After all the hype, finally some numbers.

Yahoo (NASDAQ:YHOO) sprinted to the top of the online ratings for sports content in February, wresting the crown for most unique visitors from reigning champion ESPN.
Nicely done, although its glorious reign will be brief. The Winter Olympics games, presented by Yahoo Sports and NBC Sports in a digital alliance, drew 63.6 million unique visitors to the site, according to the ComScore ratings for February. ESPN had been on top for the previous five months, and inevitably it will be there again when the March figures come out since ESPN had the NCAA Basketball Championships.

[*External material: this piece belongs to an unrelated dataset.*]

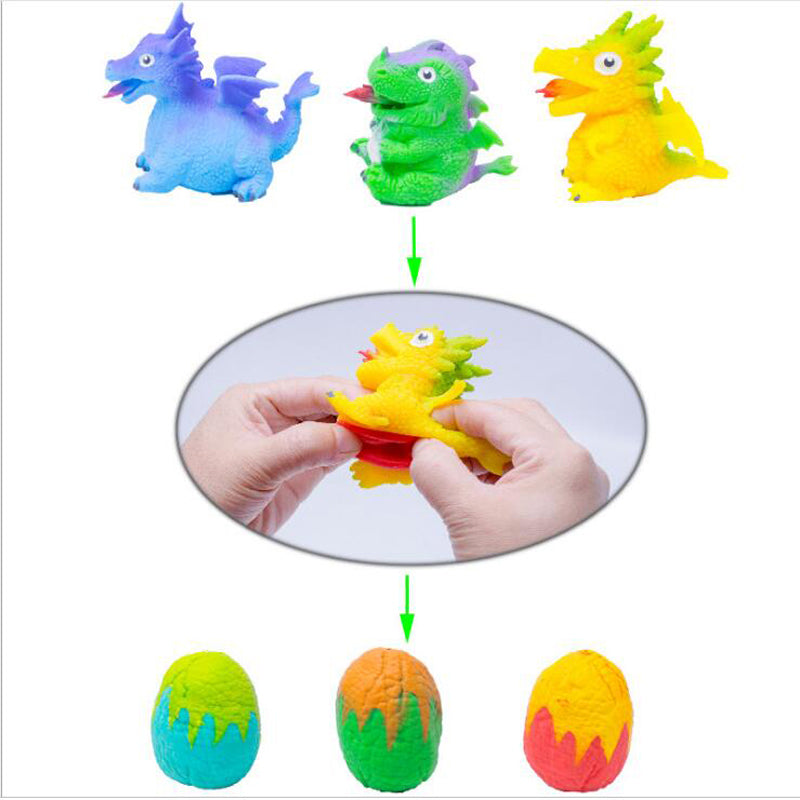 Reversible Flip Egg Dragons Assorted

The Yahoo-NBC News alliance, in place since December 2012, was intended to increase Yahoo's broadcast presence. It certainly did that.
As Yahoo prepares to announce its quarterly results after the close on Tuesday, the question is which, if any, of its many ambitious efforts are actually paying off.
Since taking over Yahoo in July 2012, Marissa Mayer has goaded the company into innumerable content tweaks that are designed to contribute over time to more usage and therefore more advertising revenue. A redesigned weather page, a modernized email service, more and higher-quality video -- it all adds up.
But Mayer knows that gradual improvement doesn't cut any ice with investors -- not when a company has fallen as far behind as Yahoo had before Mayer ever got there. Yahoo had 5.8% of the digital advertising market in 2013, down from a 6.8% share in the previous year, according to figures from eMarketer. Five years ago, its share was twice that.
But Wall Street has a weakness for big, splashy marketing moves that lead to lots of publicity, and here Mayer has excelled, hiring former CBS News anchor Katie Couric as Yahoo News "global anchor." More recently, she hired Joe Zee, creative director of Elle magazine, to head Yahoo Fashion, and Bobbie Brown, owner of a cosmetics company, to run Yahoo Beauty.
Now, there's word that Mayer wants Yahoo to get into the original entertainment-programming game. So does everybody else, though Netflix (NASDAQ:NFLX) could tell her that for every breakout hit like House of Cards, there are a dozen more like Hemlock Grove and Roy Schneider: Soy Sauce and the Holocaust, and Marc Maron: Thinky Pain.
Meanwhile, the company also just announced an expansion of its partnership with music video streaming service Vevo. Videos, live concerts and other exclusive music programming will be showcased on Yahoo Screen.
For her first 18 months on the job, investors applauded Mayer's every move, pushing the stock's price up 160%. They may be more wary now. The stock has dropped 18% this year.
For all of Mayer's efforts, her company's two great strengths are still the investments that came before her time: big stakes in Chinese retail giant Alibaba and in Yahoo Japan.
For the quarter that just ended, Yahoo's estimated revenues are in the range of $1.06 to $1.10 billion, with EBITDA between $290 million and $330 million.